I really am still researching Second Life. But only every other day, to prevent addiction.
It's very addictive. It's one of those things, for me, where I come home from work, sit down to play in SL for a little while, and the next thing I know it's midnight. It is good, I think, to have such a powerful pastime on one's life, as long as it doesn't take over.
The UU Church of Second Life is getting a lot of publicity, too. Apparently there will soon be an article in USA Today, and in a week or so in the on-line UU world. I was interviewed for the latter, and will make a link here when the story appears.
I volunteered to lead an in-world (second life world, that is) covenant group on Monday evening, instantly had 6 participants, and we had a discussion that left me with some insights. Hopefully the same for others. At the end, there were several attempts to get the Avitars to hug or hold hands, and it really felt good when we managed it. It was a very real connection we made in that hour, and they wanted to symbolize it with real movement. (they also wanted to go on talking, which presumably they did. I had to go.)
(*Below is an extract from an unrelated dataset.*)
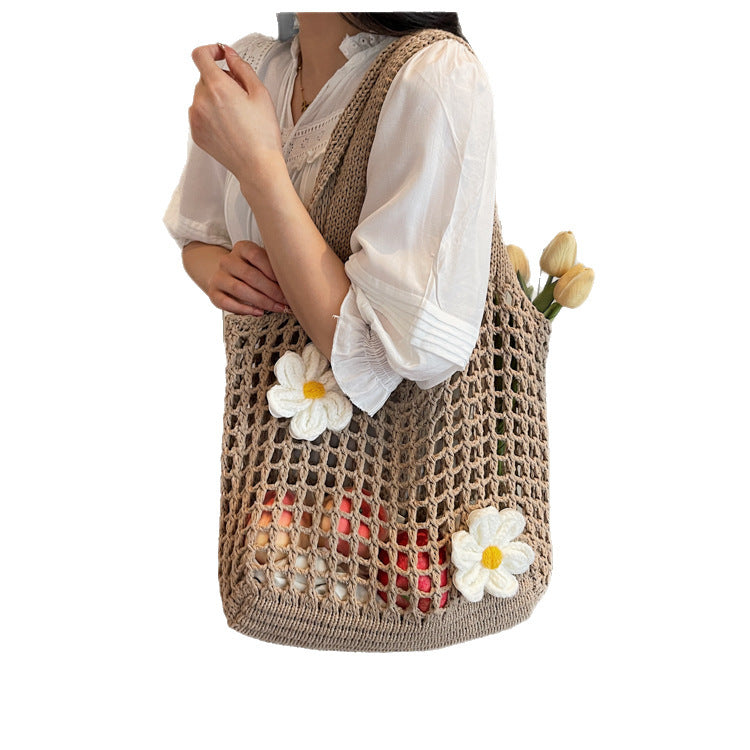 Knitted Handbag Woven Mesh Hollow Out Flower Large Capacity Versatile Shoulder Bag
I was asked today what the spirituality of Second Life was, and what occurred to me is that there is a spirituality of good conversation and real connection with people, and that spirituality is not in the least dependent on whether the connection happens in person, by letter, or by playing with avitars in virtual reality. That real connection means that things like group moments of silence have all the extra power they do at church. Secondly there's a kind of analogy between Sl and Rl and Sl and spiritual reality that gives SL religious activities special power.
The entry into Second Life has a steep learning curve; moving, talking, creating, seeing...you have to learn to do it all. You are forever getting completely lost, your camera focused into nothingness, you can't tell the black sky from your black shoe, and on it goes. You're not often quite sure where you are or what you are supposed to be doing.
Learning to pray was a lot like that for me, actually. The Spiritual life is about as "virtual" as a world can come, and I'm mostly lost there, wondering what I am supposed to be doing, as well. Camera always out of focus. Steep learning curve. But in the end, a sense that, despite all appearances, it is really real.